Após ter sido radicalizado pelo Imã Es Satty, um certo dia, Younes decide conduzir uma carrinha contra uma multidão nas Ramblas. Uma rua do mundo, conhecida pela sua diversidade cultural, onde todos os dias circulam pacificamente cidadãos de todas origens, raças e religiões. Younes não se detém no primeiro atropelamento, nem no segundo. Continua com frieza e determinação uma e outra vez até matar 13 pessoas e ferir mais de uma centena.
Após embater com a carrinha que conduzia contra um quiosque, sai da mesma pelo seu próprio pé e caminha por Barcelona com tranquilidade.
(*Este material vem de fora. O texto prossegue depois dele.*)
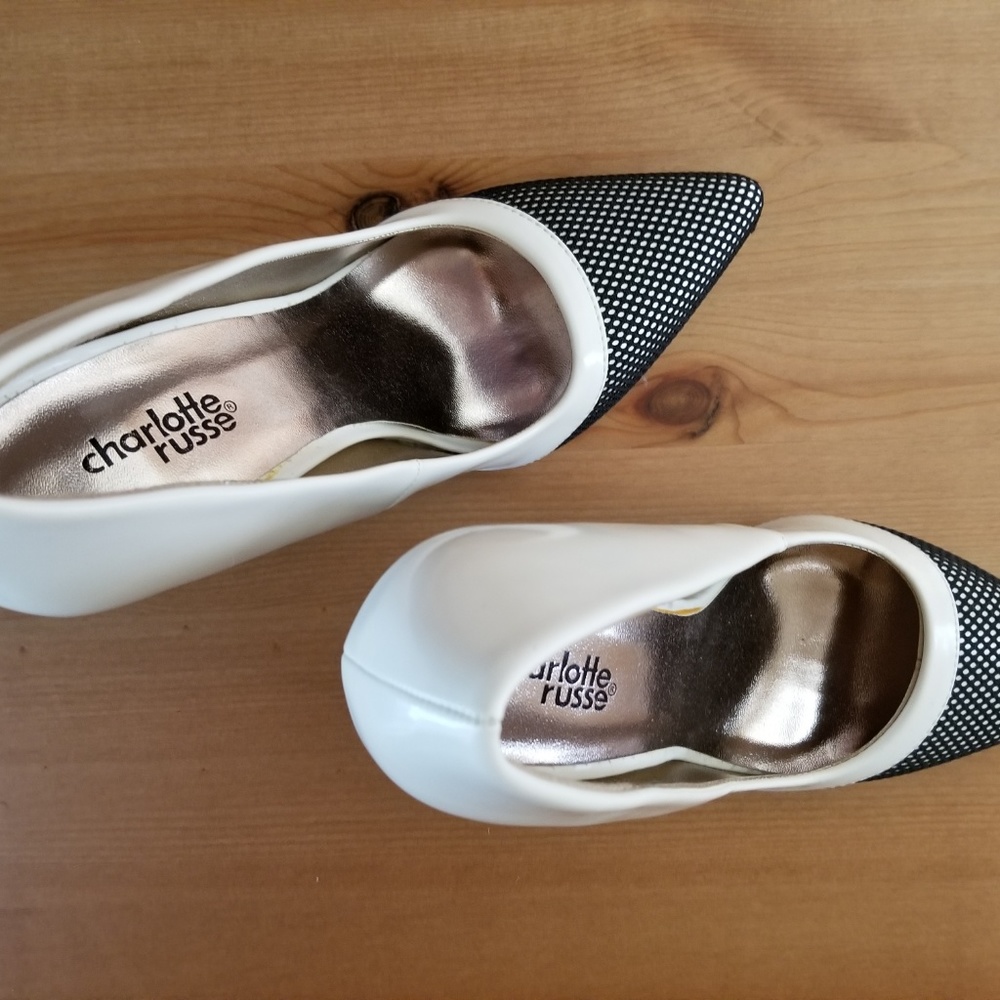 Shoes - Picture 3 of 3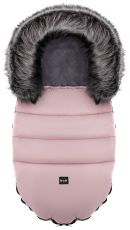 Зимовий конверт Bair Polar pink (powder)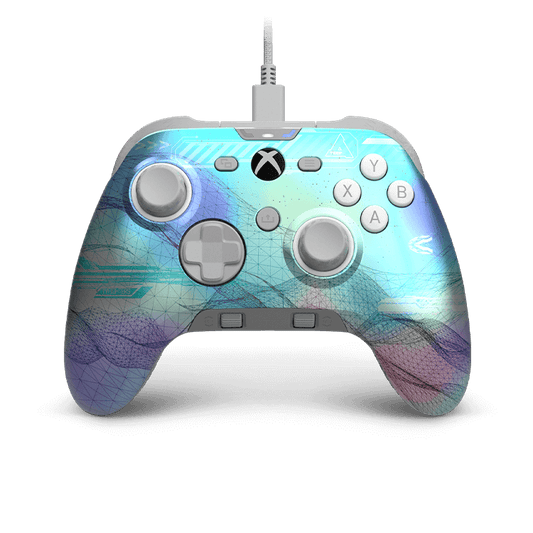 SCUF Valor Wired with Hall Effect TeeP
Para fugir do centro da cidade, consegue roubar um carro, não sem antes apunhalar até a morte o seu dono, o catalão Pau Perez. Depois de uns dias fugido, Los Mossos localizam-no em Subirats, perto de Barcelona. No momento do confronto com a polícia, Younes usava um colete bomba falso e foi baleado mortalmente. Talvez desejasse a própria morte.
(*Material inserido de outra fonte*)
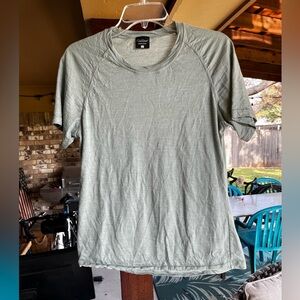 100% Merino Wool Top Base Layer Hiking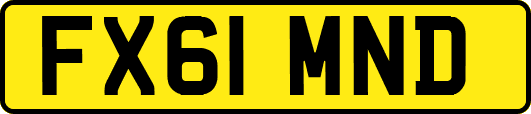 FX61MND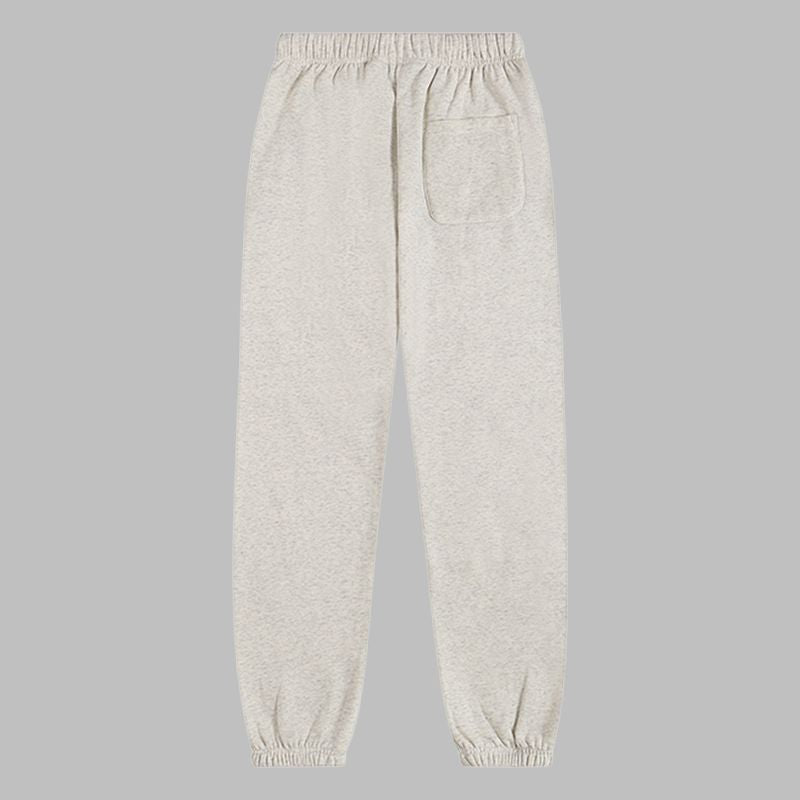 BAPE 2025 Men's and Women's Sweatpants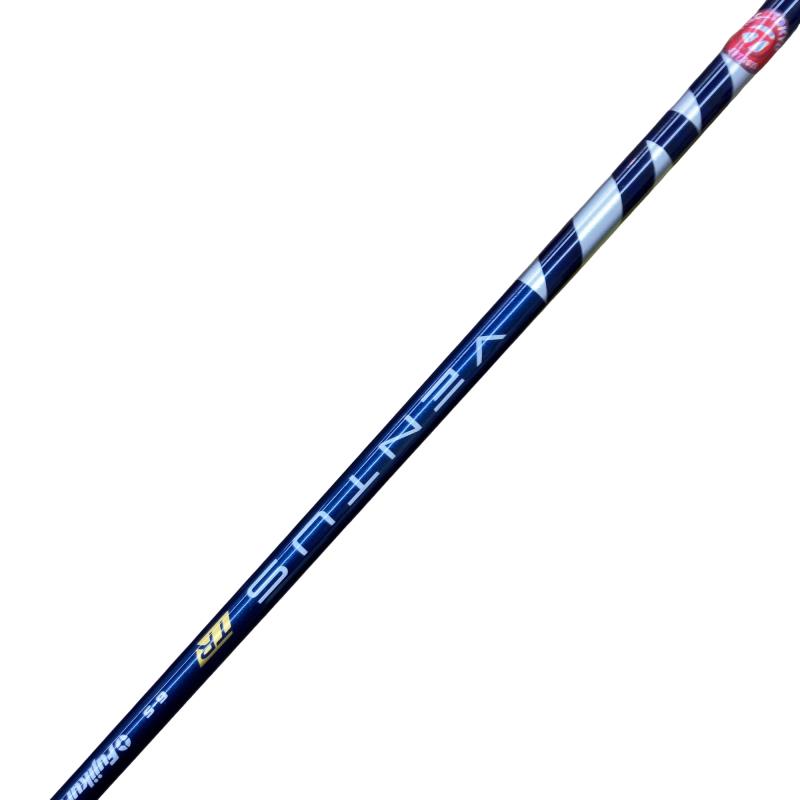 【中古】 テーラーメイドスリーブ付き添い人(R11系) フジクラフェアウェイウッド用 立て坑 VENTUS TR BLUE 6 (フレックスS)B価値づける ゴルフ野球クラブ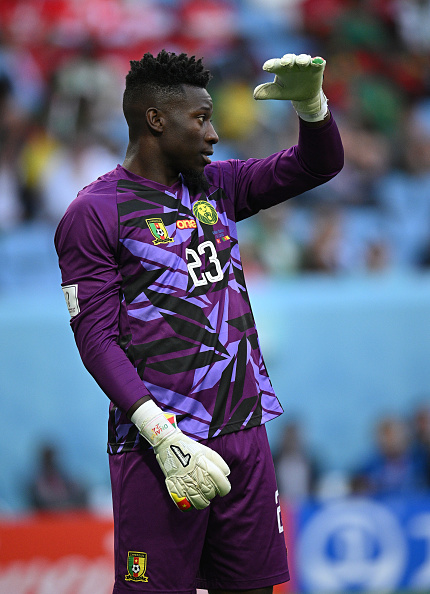 Onana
Os detalhes mais sórdidos desta história de terror circulam pelo mundo como se de uma novela se tratasse causando estupefação e revolta. Como pode Younes passar de jovem exemplar a monstro que mata a sangue frio e sem escrúpulos civis inocentes? Como pode alguém perder o respeito pela sua própria vida e pela dos outros? O que foi necessário para quebrar a mente deste jovem? O que pretendem estes terroristas afinal? Quais os seus verdadeiros objetivos? Quem são os culpados?
Esta revolta interior, este sentimento de impunidade, de incompreensão, de necessidade de justiça que sentimos é precisamente um dos principais objetivos do terrorismo islâmico. É verdade que os fundamentalistas pretendem a desforra histórica das cruzadas, que procuram o martírio, que buscam ganhos nas disputas territoriais do ambicionado califado. Porém, acima de tudo, os terroristas islâmicos pretendem provocar medo e consternação, pretendem chocar-nos. Sabem como funcionam os media ocidentais. Sabem como funciona o viés cognitivo da associação islão/terrorismo. Sabem que a cada atentado será mais difícil conciliar a opinião pública ocidental com o islão. E é esse o confronto que pretendem.
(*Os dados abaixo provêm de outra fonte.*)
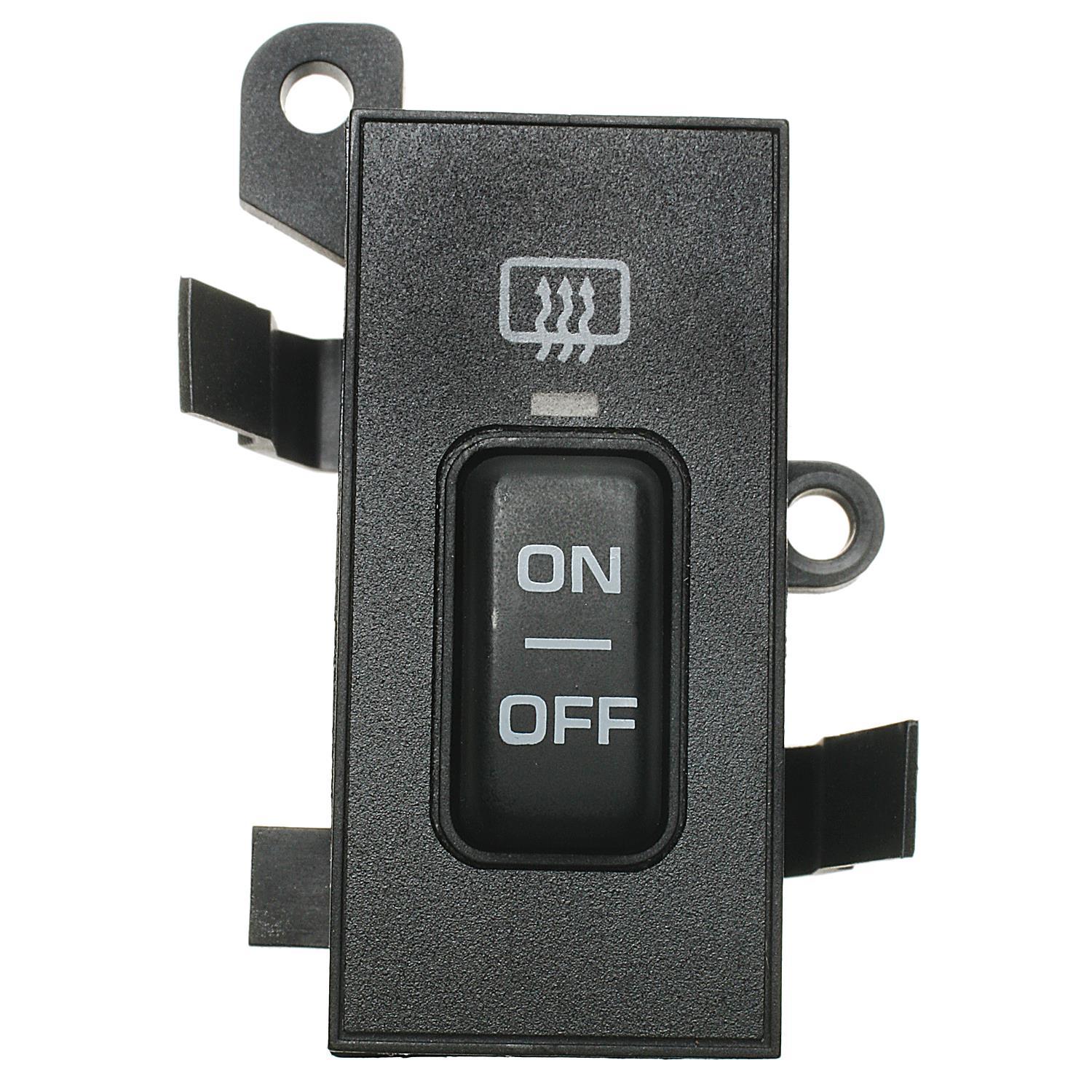 Standard Motor Products DS1683 Defroster Switch product image 1 of 3
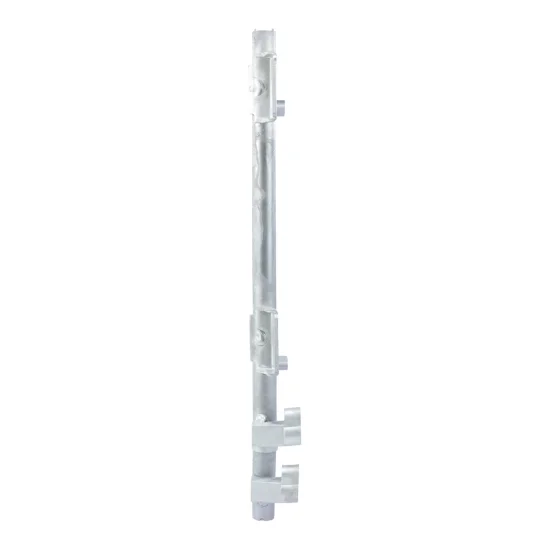 Condensador AC p/ J Deere 350G, 135G, 210G; Hitachi Zh200...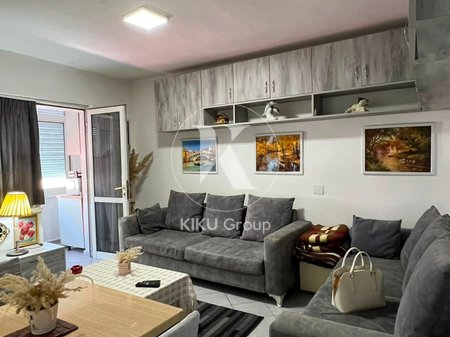 Garsoniere me Qira – Ministria e Jashtme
De nada serve dizerem-nos que é mais provável ser atropelado por um carro, morrer num acidente de viação, ser morto num assalto ou ser atingido por um raio do que morrer num atentado terrorista. De pouco serve intelectuais, políticos, líderes espirituais, eu próprio neste artigo dizermos que o Islão é paz e não terrorismo. O nosso cérebro, depois de saber os contornos chocantes da história de Younes Abouyaaqoub, vai cair no viés cognitivo e a islamofobia vai crescendo. Não será por acaso que os terroristas islâmicos procuram formas cada vez mais chocantes de executar os atentados. Talvez não sejam as mais eficazes, mas são as mais chocantes.
É precisamente este o paradoxo que enfrentamos: os terroristas executam atentados porque querem chocar a opinião pública ocidental e aumentar o fosso entre o Ocidente e o Islão. E o que fazemos nós? Garantimos, através dos media, que todo o mundo ocidental fica chocado com as imagens e história dos acontecimentos. O nosso sistema e o nosso comportamento estão a incentivar o terrorismo.
Não deveríamos procurar frustrar os objetivos dos terroristas? Deveria eu conhecer os sórdidos detalhes da história de Younes Abouyaaqoub? Até que ponto seria legítimo restringir a liberdade de imprensa em situações de atentados terroristas? Não deverá prevalecer neste caso o valor da segurança e da vida sobre o da liberdade de imprensa? É um debate em curso que deveremos encarar com muita seriedade.